PROBLEM REQUIREMENTS: Output the data in full. Keep every word exact and exclude the pictures.

SOURCE MATERIAL:

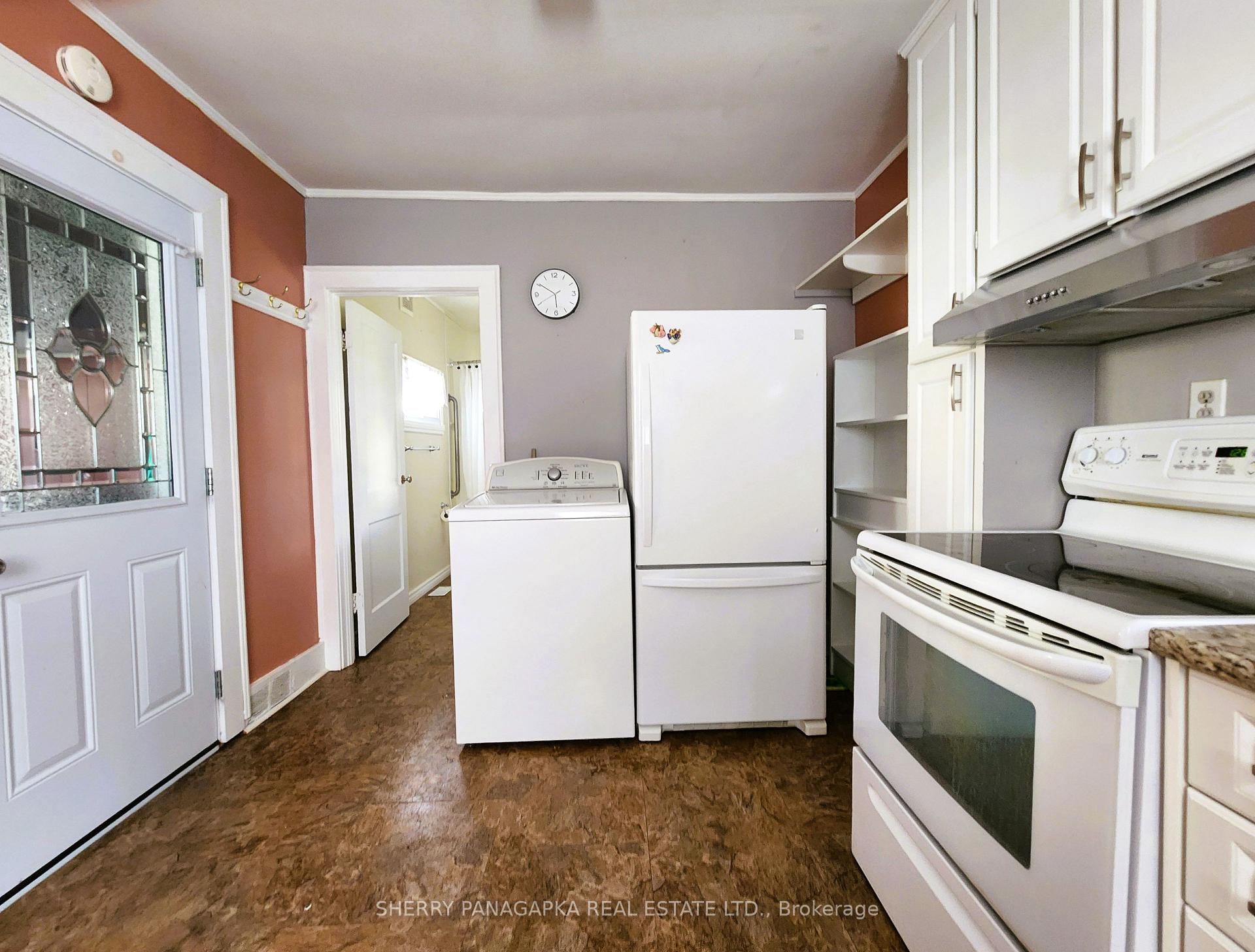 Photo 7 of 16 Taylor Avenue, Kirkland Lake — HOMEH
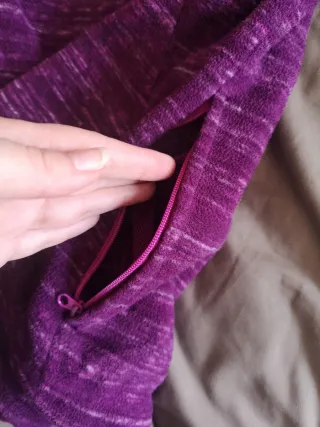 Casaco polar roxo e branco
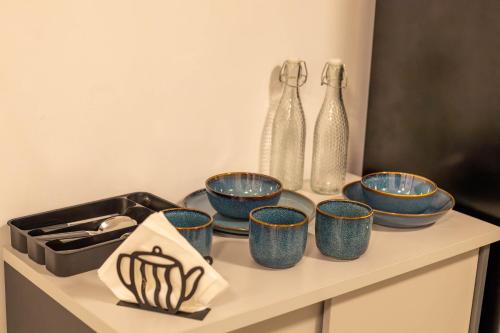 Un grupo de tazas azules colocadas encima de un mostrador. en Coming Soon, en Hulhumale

SOLUTION BELOW:
 Photo 7 of 16 Taylor Avenue, Kirkland Lake — HOMEH
 Casaco polar roxo e branco
 Un grupo de tazas azules colocadas encima de un mostrador. en Coming Soon, en Hulhumale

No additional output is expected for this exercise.